The president’s mark was on display this week as the U.S. Supreme Court heard arguments involving the assignment of public school students on the basis of race. The two cases before the court both involve plans designed to ensure racial balance at schools in their respective districts.
The Seattle school system runs an open enrollment program for the city’s 10 high schools in which ninth-graders may choose which school they wish to attend. However, about half the schools are oversubscribed, meaning more students wish to attend than there are places to accommodate them. Under its plan, the Seattle school district required that race be used in what it called a "tiebreaker" to determine who was admitted to the oversubscribed schools if the racial balance fell outside a certain range.
The Louisville (Ky.) plan, which involved all city and surrounding Jefferson County schools, was implemented by the school board after the district emerged from a 25-year court-ordered desegregation plan. The Louisville plan required all schools to have at least 15 percent and no greater than 50 percent black student enrollment.
The school districts don’t deny that they make decisions concerning which students attend which schools based on the color of their skin, but the districts claim this sort of racial classification is constitutional because its aims are to promote integration, not segregation. It is much the same case made by colleges and universities to justify affirmative action programs that give preference in admission to minority students on the basis that such programs increase diversity.
But the new Bush-appointed justices didn’t appear to be buying the argument this week. As New York Times veteran reporter Linda Greenhouse noted, "By the time the Supreme Court finished hearing arguments on Monday on the student-assignment plans that two urban school systems use to maintain racial integration, the only question was how far the court would go in ruling such plans unconstitutional."
Greenhouse reported that the court’s liberal justices "appeared increasingly and visibly dispirited" as the arguments proceeded. Clearly, the balance on the court has shifted, and no longer will justices be able to make up the law as they go along in order to justify what they consider to be socially desirable ends.
The case has occasioned much gnashing of teeth by editorial writers at the Times, The Washington Post and other liberal outlets, who warn that the Supreme Court will turn back the clock on racial justice if it strikes down these school district plans. But the truth is, such plans turn the Constitution’s Equal Protection Clause on its head and make a mockery of the landmark Brown v. Board of Education decision, which struck down race-based student assignments in 1954.

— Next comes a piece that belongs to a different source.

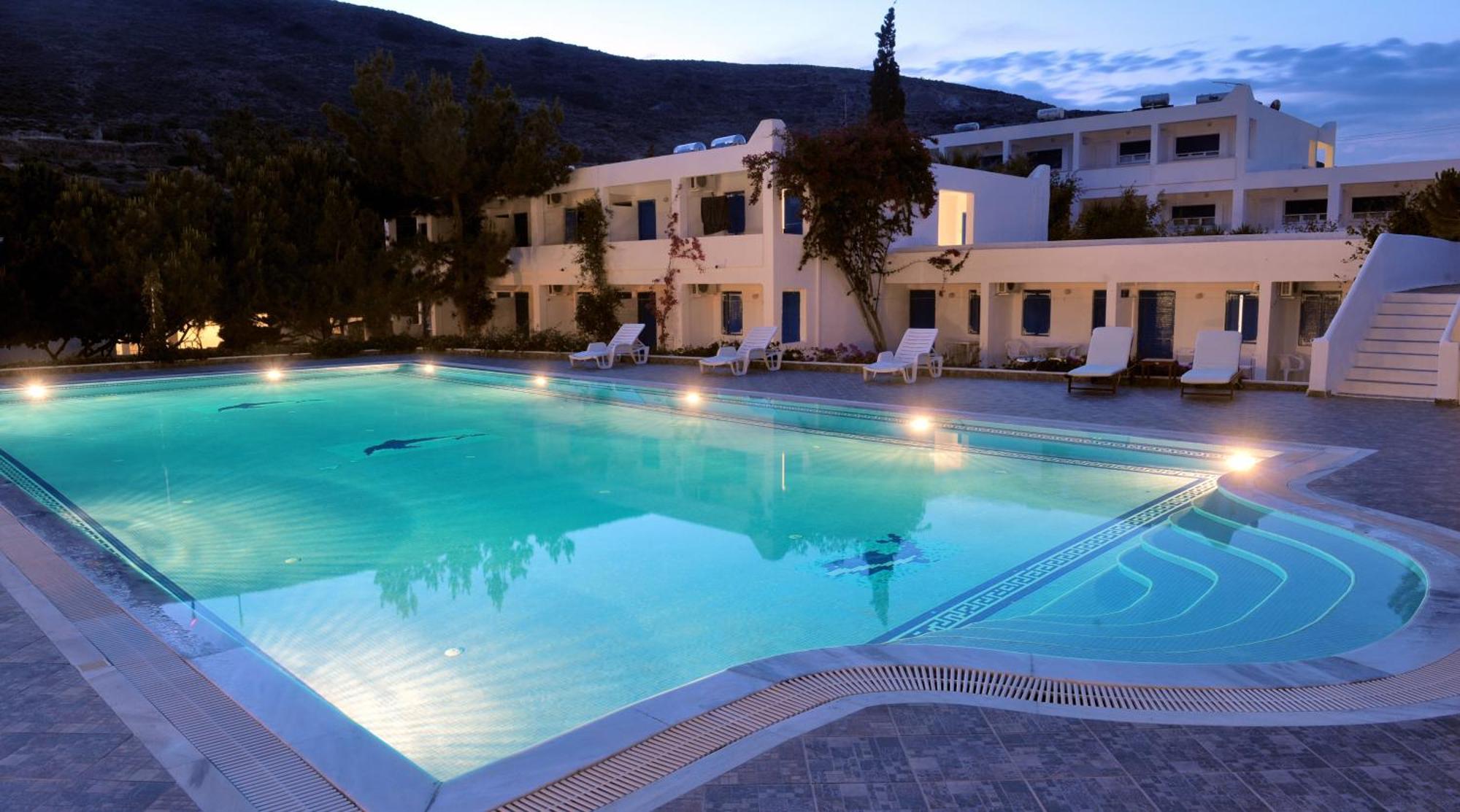 Lagada Beach Hotel Adamantas Eksteriør billede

It’s impossible to know how the justices will ultimately decide these cases, Linda Greenhouse’s prediction notwithstanding. But it is fair to say that the cases will be decided by a new majority made up of justices who will read the Constitution, laws and judicial precedents as they were written, rather than twisting the meaning of words to mean the opposite of what they say in plain English.
President Bush promised no less when he nominated Chief Justice John Roberts and Justice Samuel Alito. But you can bet that the new Democrat-controlled Senate will do its best to assure that the president has no further opportunity to shape the federal courts, especially the Supreme Court should a vacancy develop there. The president may have two more years in office, but his ability to appoint judges will be severely limited by the Democrats. Expect a fight over each and every nominee, no matter how well-qualified. Conservatives had better be there to support the president when that time comes.